After months of facing backlash, and even advertently inciting it on several occasions, the Mouse House fired the actress behind Cara Dune from future seasons of Jon Favreau’s Star Wars show. The final nail in the coffin of Carano’s scandal came in form of a tweet that compared the current political climate to Nazi Germany, explaining how Republicans are akin to Jews in the Holocaust.

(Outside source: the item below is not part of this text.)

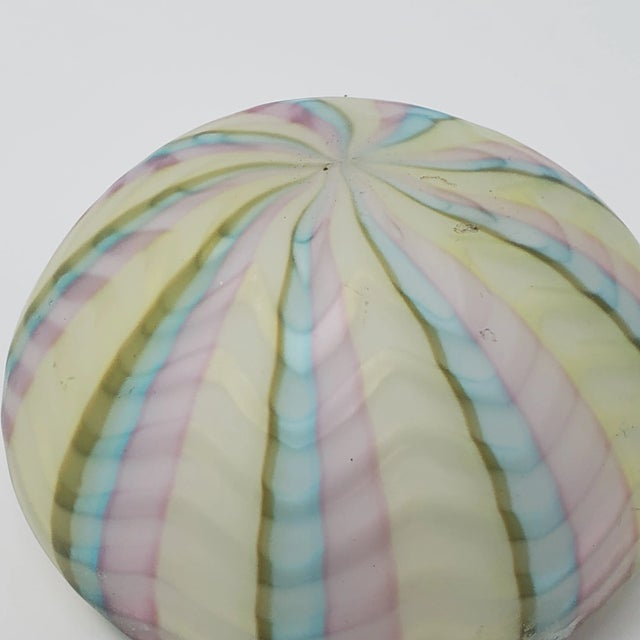 Wonderful piece of handblown Venetian Murano Glass. Muted pastel colors, flattened circle. 3.5" wide x 2.5" tall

It goes without saying that a lot of people, who often tend to advocate for ‘cancel culture,’ got what they wished for from the rather insensitive comment. Be that as it may, many fans are also expressing their rage over Lucasfilm’s decision to fire an actor due to their political activism. Regardless of where you stand, though, there’s no denying that Hollywood hasn’t yet given up the practice of blacklisting individuals who undermine liberal values. At least, that’s according to what the aforementioned Chait said in an essay on Friday, noting the similarity between Carano’s case and the industry’s infamous blacklisting of communists in the 1950s.

“A fairer and more liberal society is able to create some space between an individual’s political views and the position of their employer,” Chait wrote. “A Dalton Trumbo ought to have been able to hold onto his screenwriting job even though he supported a murderous dictator like Stalin. And actors ought to be able to work even if they support an authoritarian bigot like Donald Trump.”

The writer also explained why the actress’ statements weren’t anti-Semitic “by any reasonable definition,” saying:

“The post simply argued (uncontroversially) that the Holocaust grew out of a hate campaign against Jews, which it then likened (controversially) to hatred of fellow Americans for their political views. I don’t find this post especially insightful. But overheated comparisons to Nazi Germany are quite common, and, more to the point, not anti-Semitic. There is no hint anywhere in this post of sympathy for Nazis or blame for their victims.”

As reasonable as this argument may sound, I highly doubt that it’ll do Gina Carano any good, especially now that even her agency has cut all ties with her. And besides, the latest reports seem to suggest that Lucasfilm was basically looking for an excuse to give her the boot, so any hope of reinstatement is far-fetched at this point, to say the least.